# Cleaning rubber chopping boards



## JLaz (Jul 3, 2019)

Hey guys,

Just wanted to ask for some wisdom on cleaning boards.

I recently was handed over a hasegawa hi soft cutting board from japan. Its Its amazing but one side has some black specs on it. Looks like charcoal. I tried bleach and hot water on it scrubbing with foam, scotchbrite and my finger nail. Most of it went out but some still remain.

Any ideas?

Thanks!


----------



## Kozuka (Jul 3, 2019)

Hasagewa offers a special scraper to clean the board. Not sure if they use any other materials for it. See https://www.sushi-robots.eu/product/cutting-board-scraper-hasegawa/

I would just use a sturdy brush, lime juice and salt. To keep it as natural as possible.


----------



## JLaz (Jul 3, 2019)

Thanks for the recommendation. I have the soft cutting board with wood inside and im a bit worried that scrapping the top layer might wear it down. I have the impression that the scrapper is meant for the solid plastic boards?
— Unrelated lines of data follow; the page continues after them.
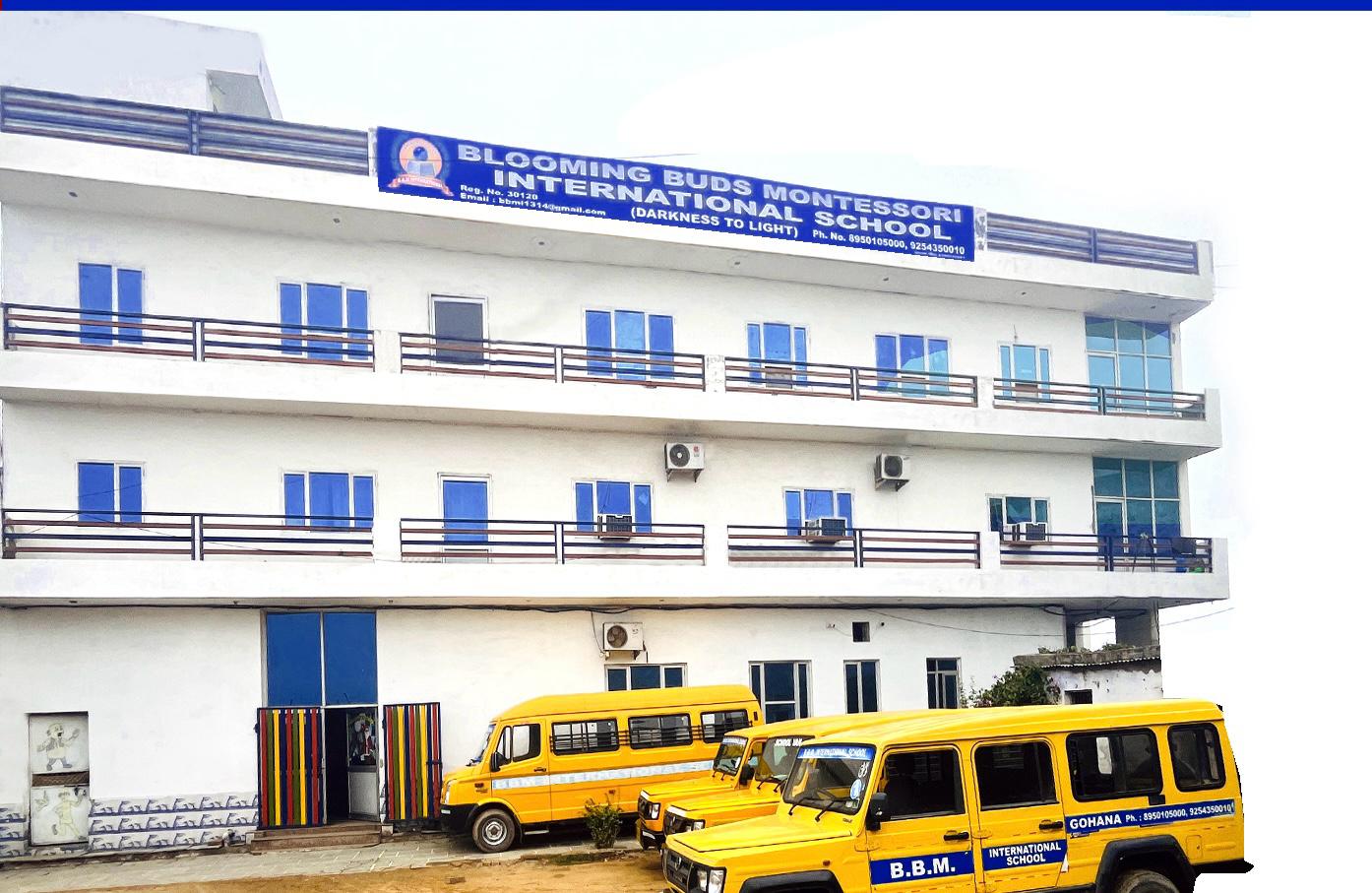 School building and buses
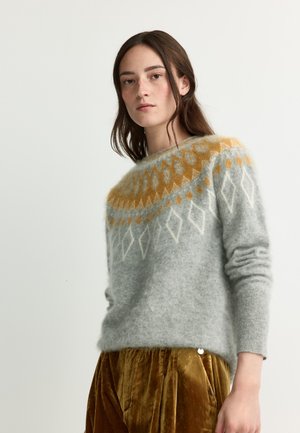 Junge Frau mit langen braunen Haaren trägt einen grauen Pullover mit orange-weißen Mustern und braune Samthose, steht vor einem schlichten Hintergrund.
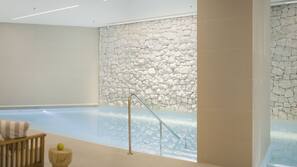 Indoor pool, outdoor pool, pool umbrellas, pool loungers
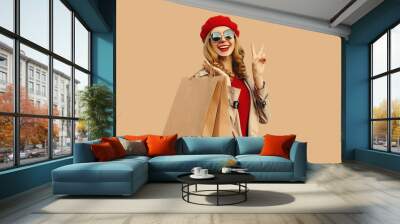 Autumn style outfit, portrait of beautiful happy smiling young woman with shopping bags wearing red french beret hat, gray coat jacket on beige studio background Wall mural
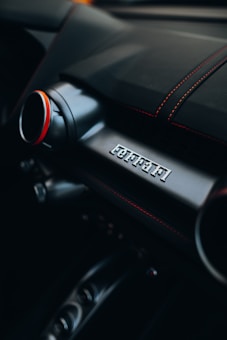Close-up view of a car dashboard featuring red stitching on black leather and a logo emblem on a sleek metallic panel. The design of the knob and buttons suggests a premium vehicle interior.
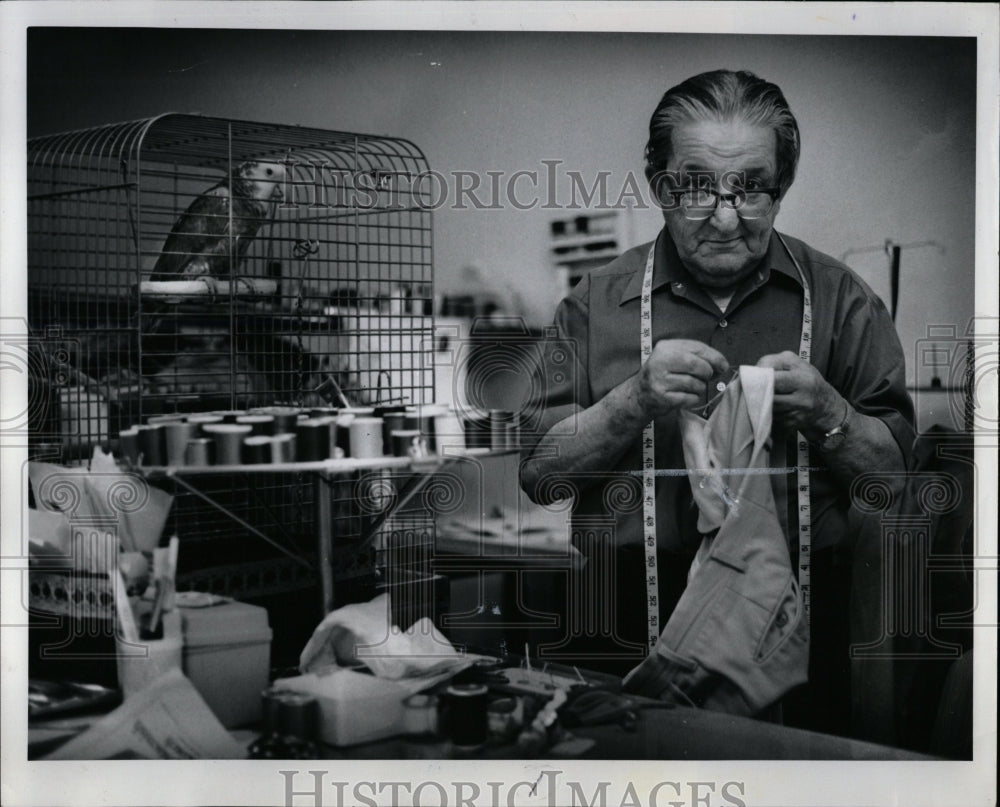 1977 Press Photo Tailor Pants Bird Thread Tape Measure - RRW02269 - Historic Images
Ill try the lime juice and salt tip tomorrow. Thanks a lot!


----------



## Chefget (Jul 19, 2019)

We soaked them in 50ppm bleach solution overnight, then a good scrub with ss scrubbie


----------



## SilverSwarfer (Aug 27, 2019)

Rust erasers work surprisingly well, depending in the situation. We get Sharpie tattoos from product that get placed label-side down, which used to be obnoxious until this hack presented itself. May be worth a shot. 
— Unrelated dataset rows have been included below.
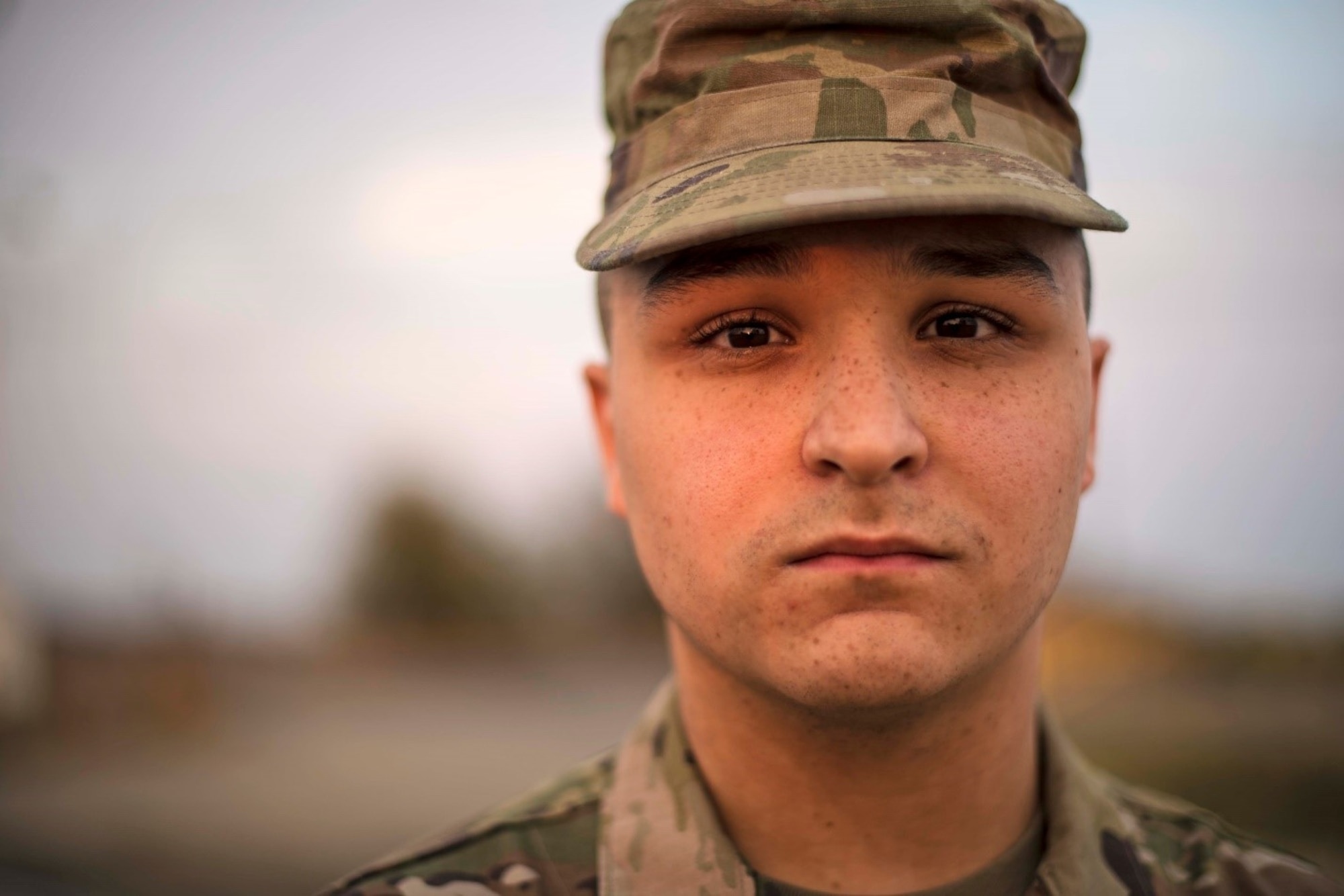 A man in a military uniform stares at the camera.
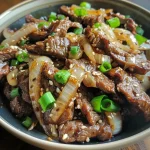 Close-up of a colorful stir-fry dish featuring sliced beef and onions.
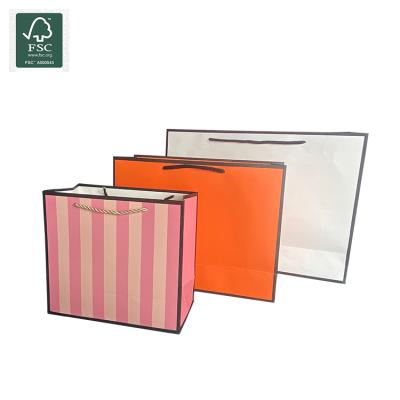 China Handmade Hot Sale Customized Multi Color Size Reusable Luxury Shopping Paper Gift Shopping Bags With Logos for sale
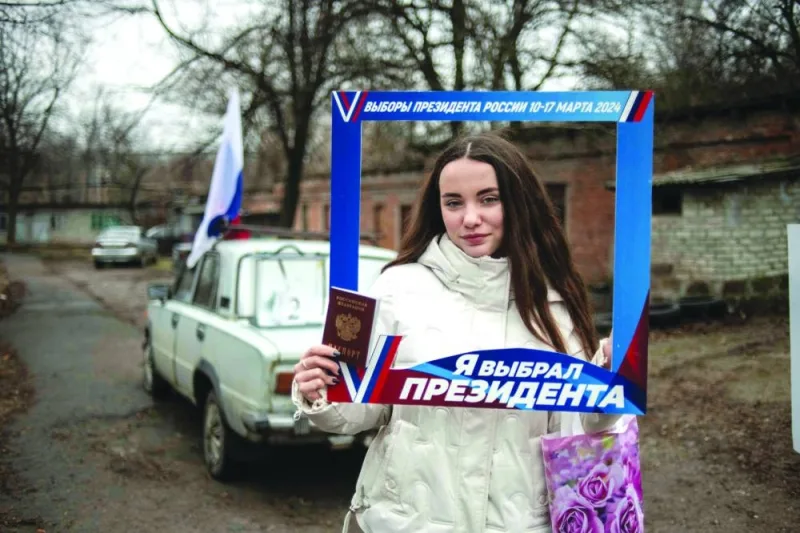 A woman poses after casting her ballot at a mobile polling station 
during early voting in Russia’s presidential election in Donetsk, Russian-controlled Ukraine. A woman poses after casting her ballot at a mobile polling station 
during early voting in Russia’s presidential election in Donetsk, Russian-controlled Ukraine.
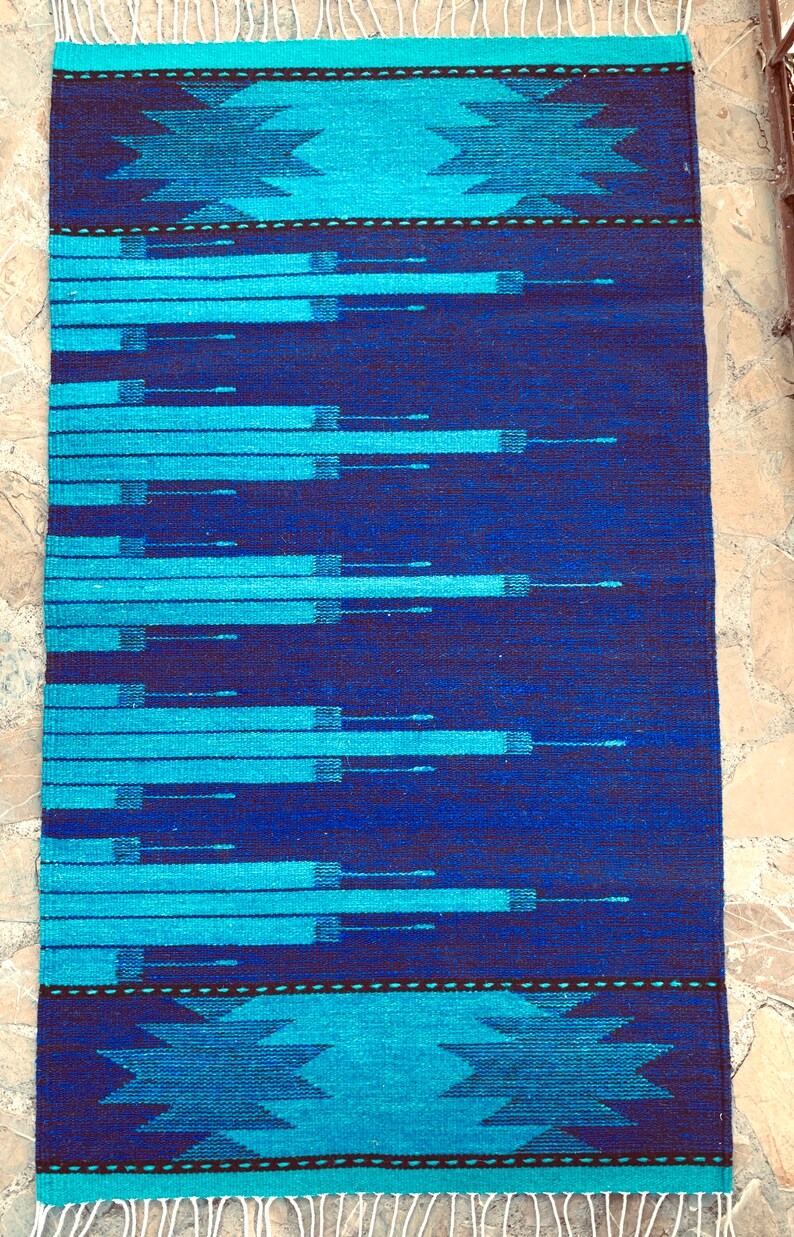 May include: A blue and turquoise woven rug with a geometric pattern. The rug has a fringe border.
Already mentioned bleach solution works too but maybe no need to soak- try covering the board overnight with saturated towels. Clean the board completely then use your bleach dilution to coat. Proceed to cover the entire surface with un-wrung, bleach-drenched kitchen towels and leave overnight.


----------



## barnettnce (Sep 21, 2019)

Bleach is risky. Absolutely it works and I used to continuously clean my cutting boards until I read an article about how unsafe it is in our clothes, our cutting boards. (Plastic…just think how it is absorbed) I suggest you purchase a new one. It’s healthier.


----------



## Brandon Wicks (Nov 10, 2019)

SilverSwarfer said:


> Rust erasers work surprisingly well, depending in the situation. We get Sharpie tattoos from product that get placed label-side down, which used to be obnoxious until this hack presented itself. May be worth a shot.
> 
> Already mentioned bleach solution works too but maybe no need to soak- try covering the board overnight with saturated towels. Clean the board completely then use your bleach dilution to coat. Proceed to cover the entire surface with un-wrung, bleach-drenched kitchen towels and leave overnight.



This is what we do. We also sand ours down when they get too dished out.


----------